- [REQUIRED WORK]:
Your copy should begin at the line containing "311 Bridgeport CT" and end at the last line of the records; transcribe those lines exactly and leave out every picture.

INPUT FOR THIS TASK: Begin

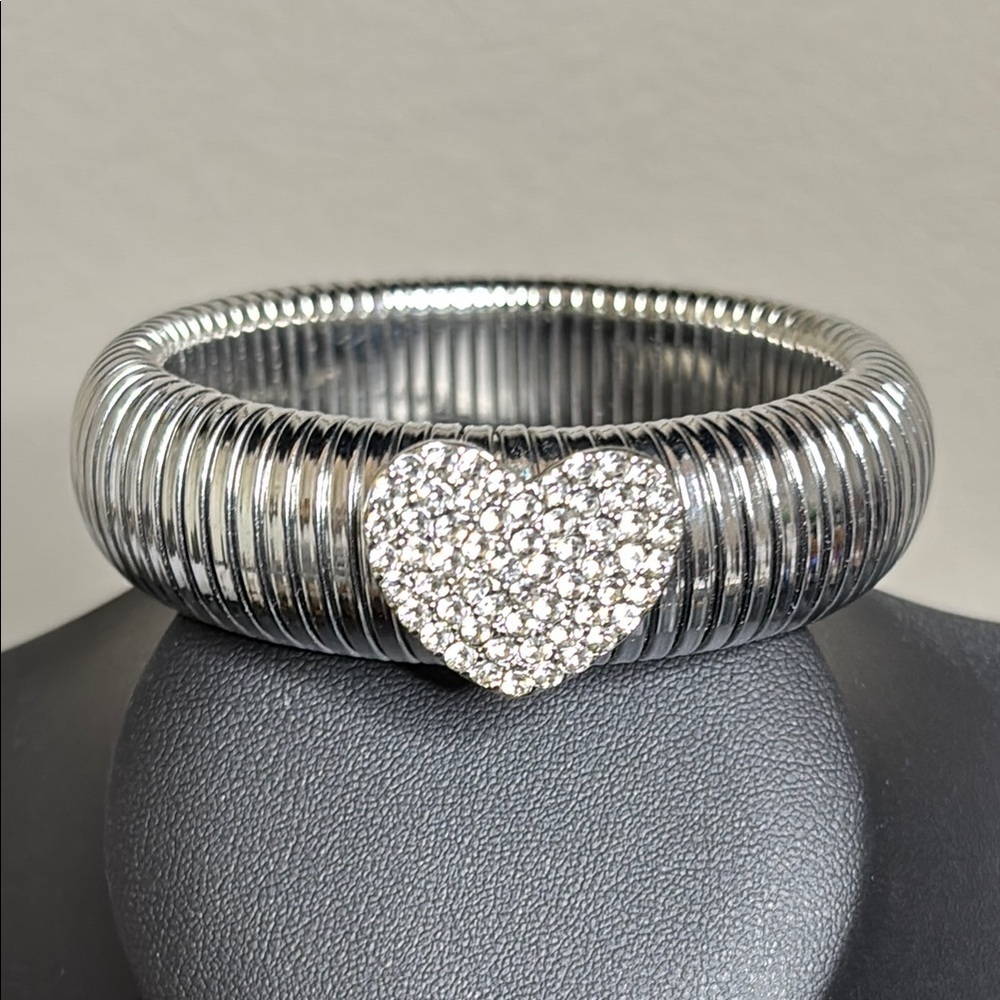 Rhinestone Heart Silver Tone stretch Statement Bracelet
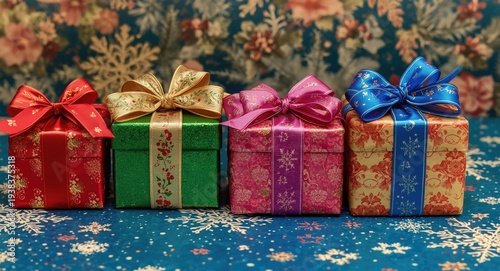 Colorful holiday gift boxes...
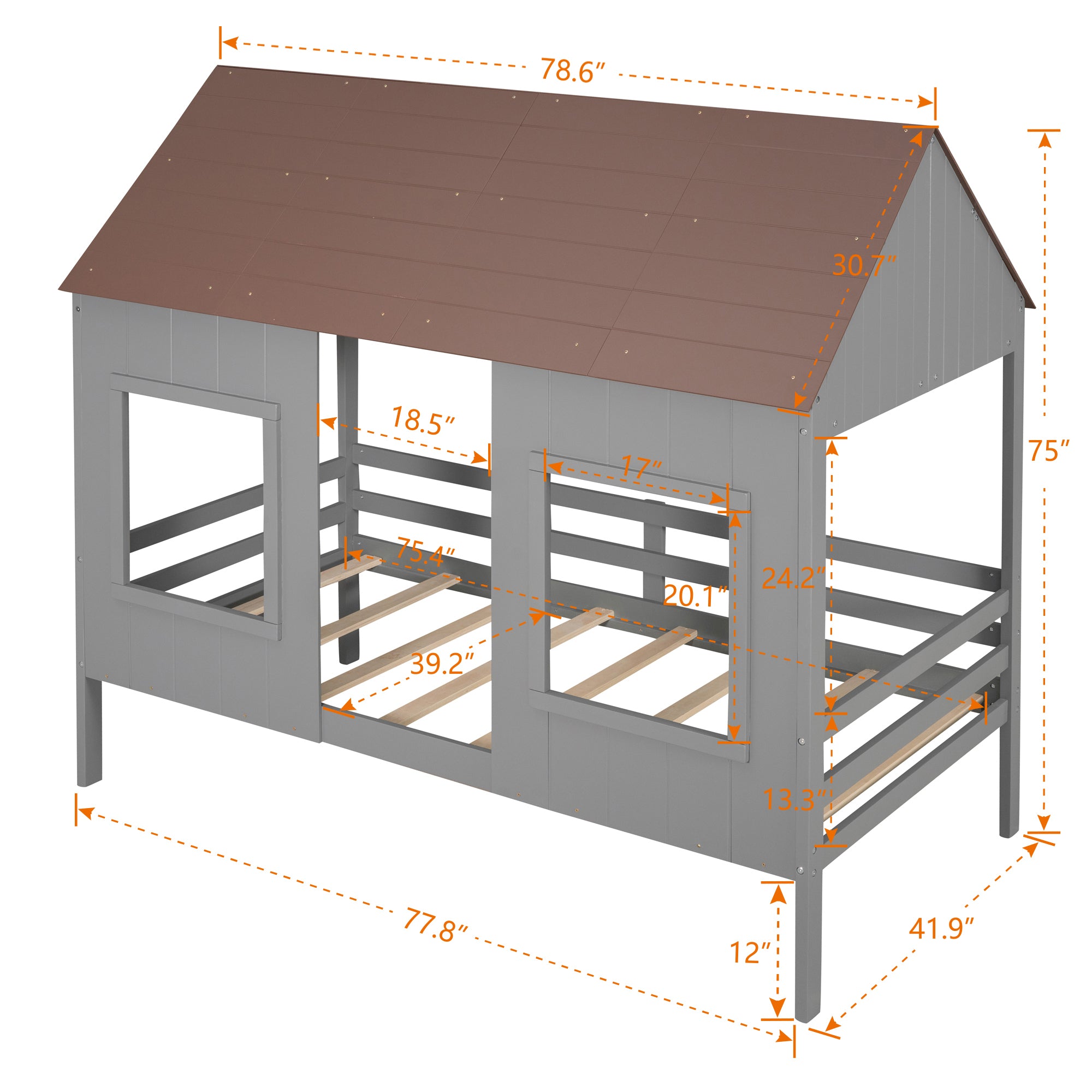 Twin Size Low Loft Wood House Bed with Two Front Windows, (Gray+ Brown)(OLD SKU:LP000039AAL)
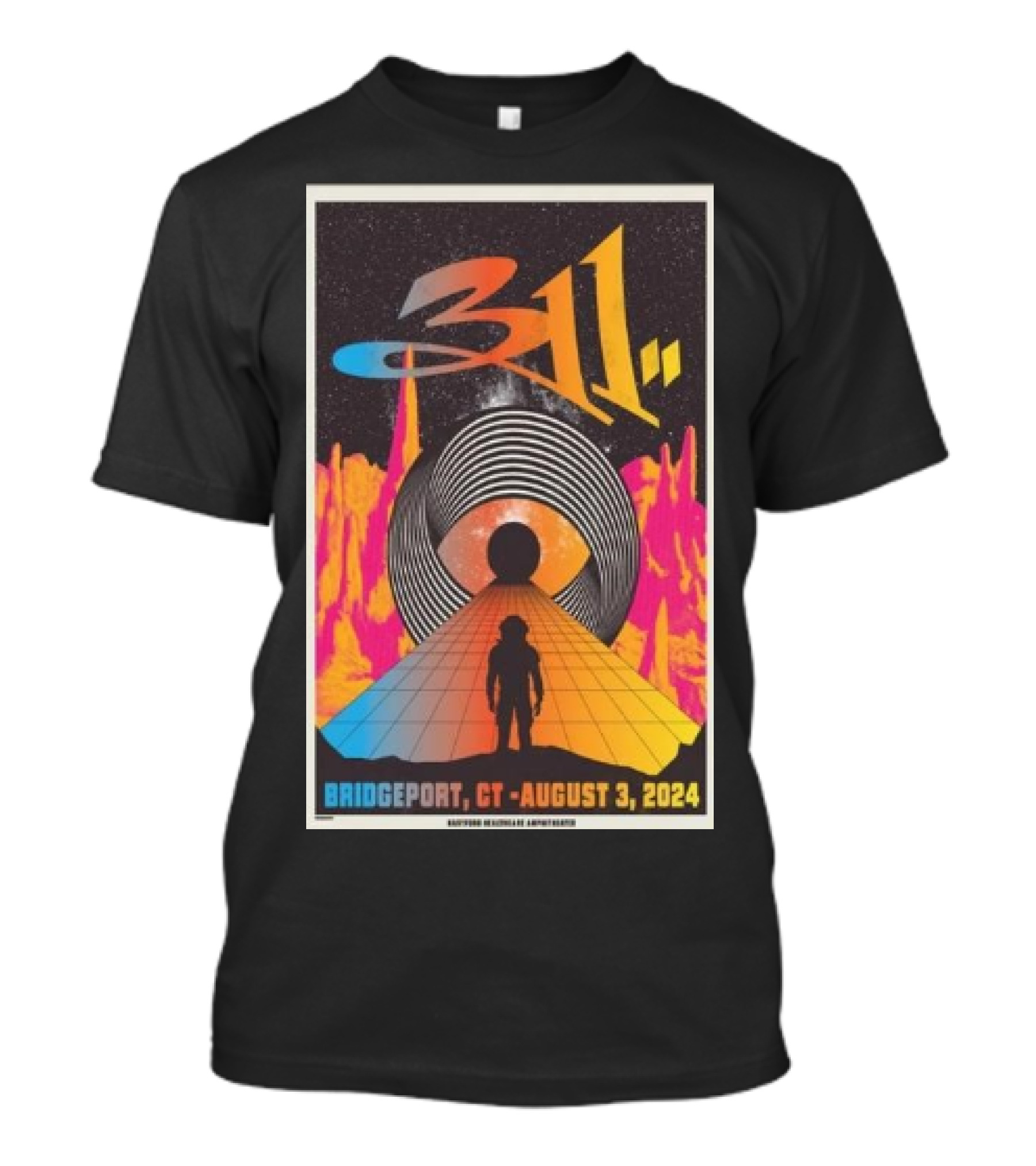 311 Bridgeport CT August 3 2024 Colorful Cosmic Eye Pathway T-Shirt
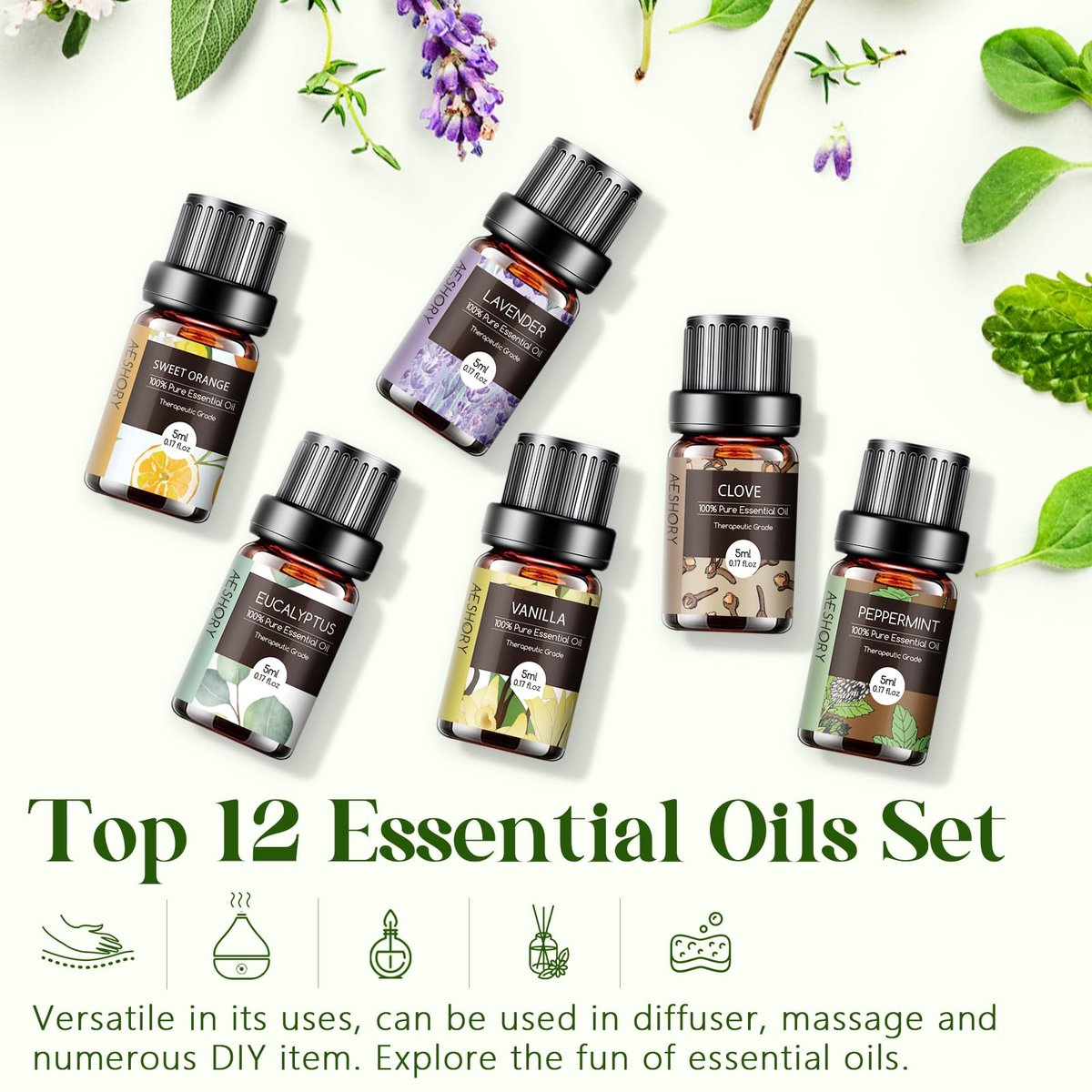 Ätherische Öle Set - 12 Stück Bio Aromatherapie Öl Kit für Diffuser, Luftbefeuchter, Massage, Seife, Kerzenherstellung (5 mL)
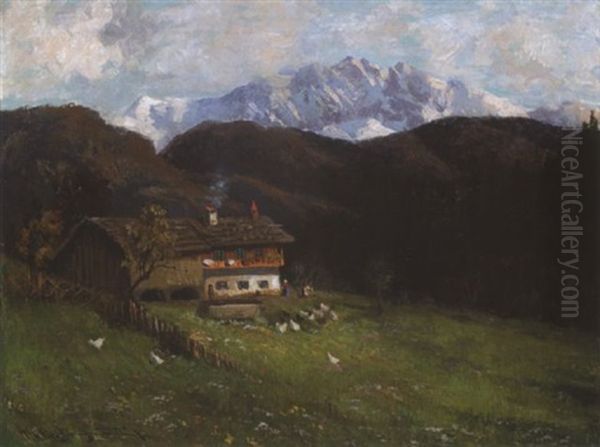 Bauernhaus In Gebirgslandschaft Oil Painting by Carl Mueller-Baumgarten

INPUT FOR THIS TASK: End

- [EXERCISE OUTPUT]:
 311 Bridgeport CT August 3 2024 Colorful Cosmic Eye Pathway T-Shirt
 Ätherische Öle Set - 12 Stück Bio Aromatherapie Öl Kit für Diffuser, Luftbefeuchter, Massage, Seife, Kerzenherstellung (5 mL)
 Bauernhaus In Gebirgslandschaft Oil Painting by Carl Mueller-Baumgarten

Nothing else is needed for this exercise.